(Task description):
Below are records to be repeated exactly. Leave their pictures behind.

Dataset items
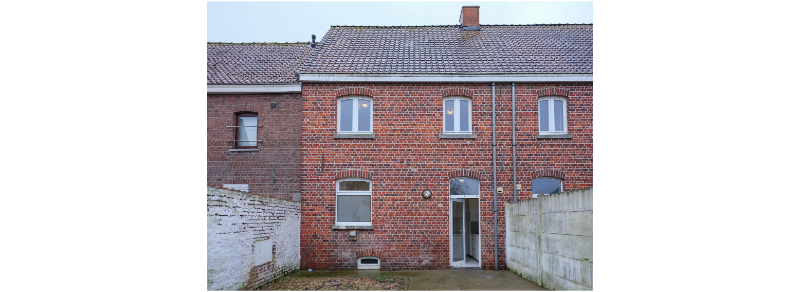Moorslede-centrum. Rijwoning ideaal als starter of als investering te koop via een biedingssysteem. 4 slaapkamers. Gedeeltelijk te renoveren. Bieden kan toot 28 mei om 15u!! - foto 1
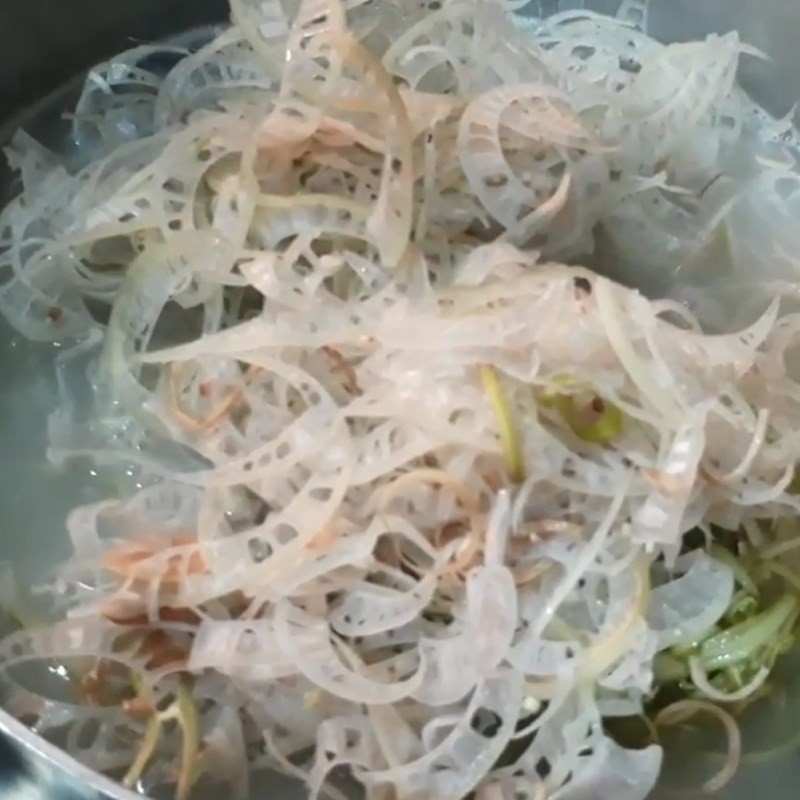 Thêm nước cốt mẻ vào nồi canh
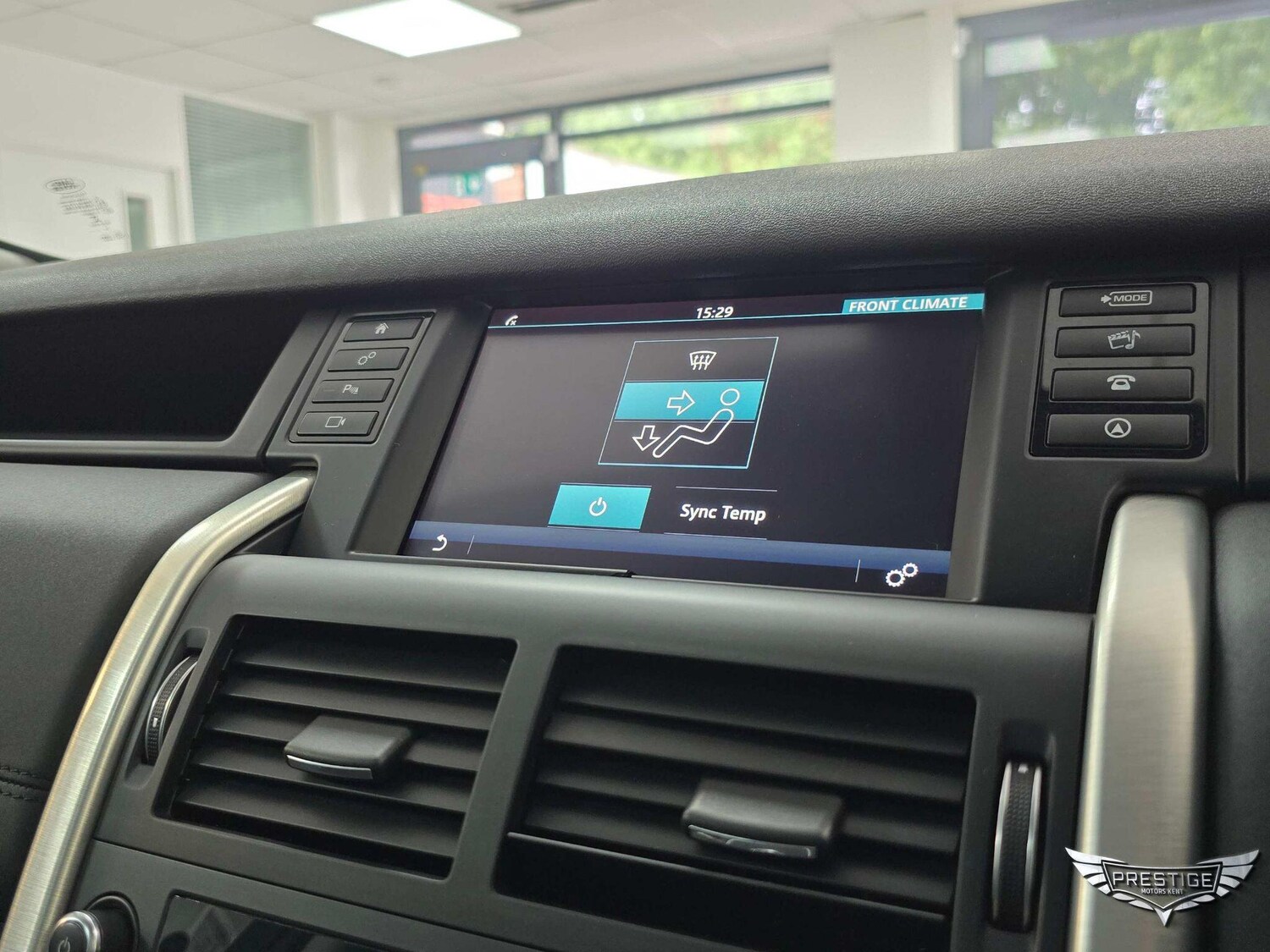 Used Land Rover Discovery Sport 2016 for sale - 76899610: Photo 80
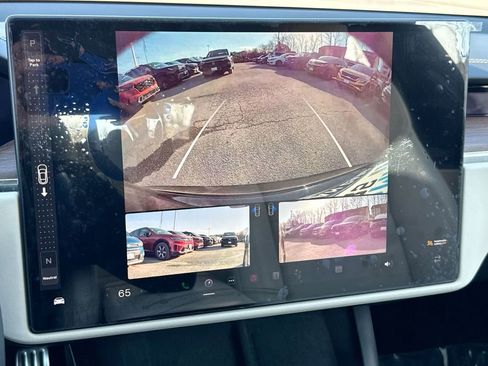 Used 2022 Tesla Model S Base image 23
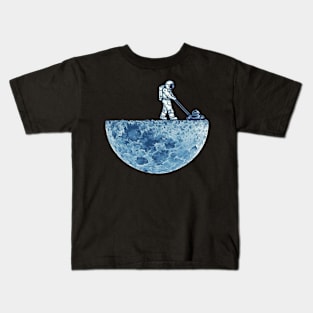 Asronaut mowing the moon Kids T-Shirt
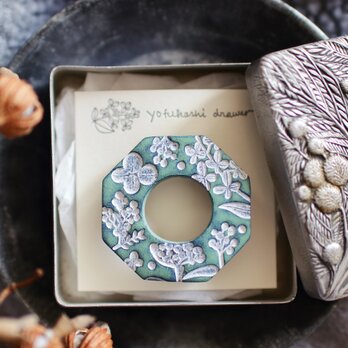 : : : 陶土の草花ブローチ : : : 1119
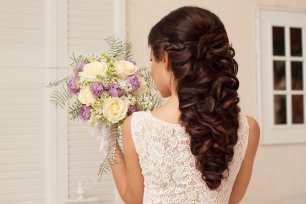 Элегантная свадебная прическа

(Completed exercise):
Moorslede-centrum. Rijwoning ideaal als starter of als investering te koop via een biedingssysteem. 4 slaapkamers. Gedeeltelijk te renoveren. Bieden kan toot 28 mei om 15u!! - foto 1
 Thêm nước cốt mẻ vào nồi canh
 Used Land Rover Discovery Sport 2016 for sale - 76899610: Photo 80
 Used 2022 Tesla Model S Base image 23
 Asronaut mowing the moon Kids T-Shirt
 : : : 陶土の草花ブローチ : : : 1119
 Элегантная свадебная прическа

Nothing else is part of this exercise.